▶ ACTION ITEM:
Pictures stay out, but every line of the data is copied exactly.

▶ DATASET EXTRACT:
· · · · ·
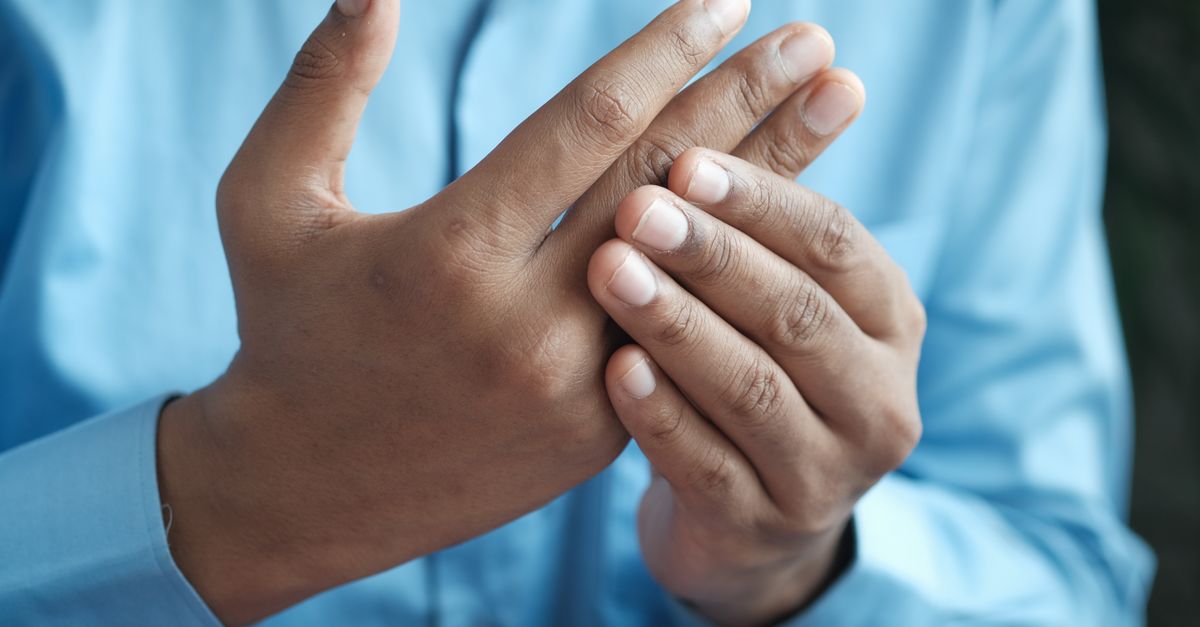 Close-up of a man gently holding his hand, symbolizing comfort or pain relief.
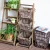 Import Modern home furniture wholesale cheap woven newspaper / books / magazine / flowers / sundries hanging baskets from China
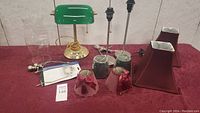 Photo showing full lot on red cloth background including green banker's lamp, pink fabric lampshades, metal bases, brown lampshades, lamp sockets and wiring.
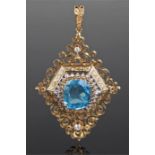 Yellow metal diamond and topaz set pendant, with a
· · · · ·
▶ TASK RESULT:
 Close-up of a man gently holding his hand, symbolizing comfort or pain relief.
 Import Modern home furniture wholesale cheap woven newspaper / books / magazine / flowers / sundries hanging baskets from China
 Photo showing full lot on red cloth background including green banker's lamp, pink fabric lampshades, metal bases, brown lampshades, lamp sockets and wiring.
 Yellow metal diamond and topaz set pendant, with a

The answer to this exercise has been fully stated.